What is required:
Repeat the data that follows exactly, starting at the line with "I won't be teaching" and ending at the line with "With PETG, once", and leave out every picture.

Given entries:
%%

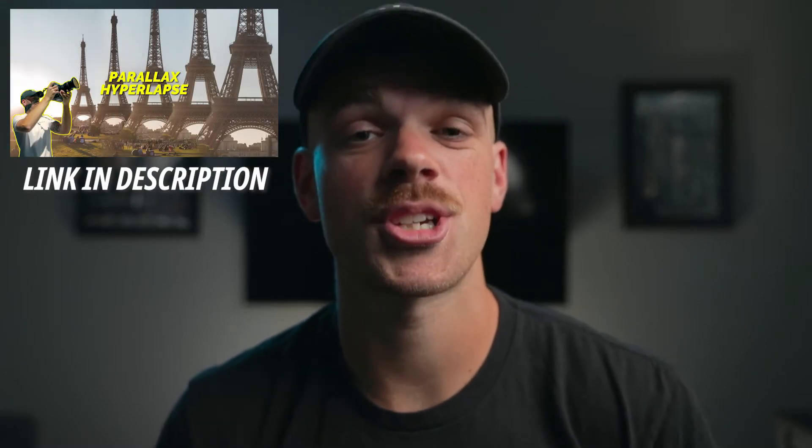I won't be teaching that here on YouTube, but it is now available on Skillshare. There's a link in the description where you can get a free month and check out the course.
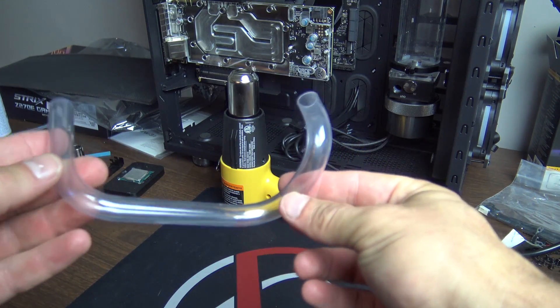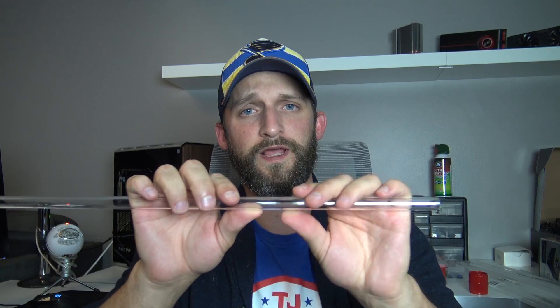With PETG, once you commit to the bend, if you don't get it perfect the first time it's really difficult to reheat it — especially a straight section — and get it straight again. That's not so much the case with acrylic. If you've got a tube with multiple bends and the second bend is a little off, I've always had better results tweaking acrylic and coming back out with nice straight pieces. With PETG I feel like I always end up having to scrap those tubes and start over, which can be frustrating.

%%
%%

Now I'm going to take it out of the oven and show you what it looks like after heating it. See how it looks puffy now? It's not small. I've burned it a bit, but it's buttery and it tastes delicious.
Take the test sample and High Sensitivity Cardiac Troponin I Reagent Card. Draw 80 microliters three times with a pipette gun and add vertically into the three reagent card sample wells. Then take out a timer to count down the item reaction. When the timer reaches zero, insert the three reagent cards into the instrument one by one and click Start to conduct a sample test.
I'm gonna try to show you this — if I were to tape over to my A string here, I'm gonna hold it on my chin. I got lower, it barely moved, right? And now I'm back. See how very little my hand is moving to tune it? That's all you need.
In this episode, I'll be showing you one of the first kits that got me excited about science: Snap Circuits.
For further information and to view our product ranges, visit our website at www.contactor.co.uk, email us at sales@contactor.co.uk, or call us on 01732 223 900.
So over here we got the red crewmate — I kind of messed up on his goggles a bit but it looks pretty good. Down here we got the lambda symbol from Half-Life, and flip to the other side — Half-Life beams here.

%%

Solution to the problem:
I won't be teaching that here on YouTube, but it is now available on Skillshare. There's a link in the description where you can get a free month and check out the course.
With PETG, once you commit to the bend, if you don't get it perfect the first time it's really difficult to reheat it — especially a straight section — and get it straight again. That's not so much the case with acrylic. If you've got a tube with multiple bends and the second bend is a little off, I've always had better results tweaking acrylic and coming back out with nice straight pieces. With PETG I feel like I always end up having to scrap those tubes and start over, which can be frustrating.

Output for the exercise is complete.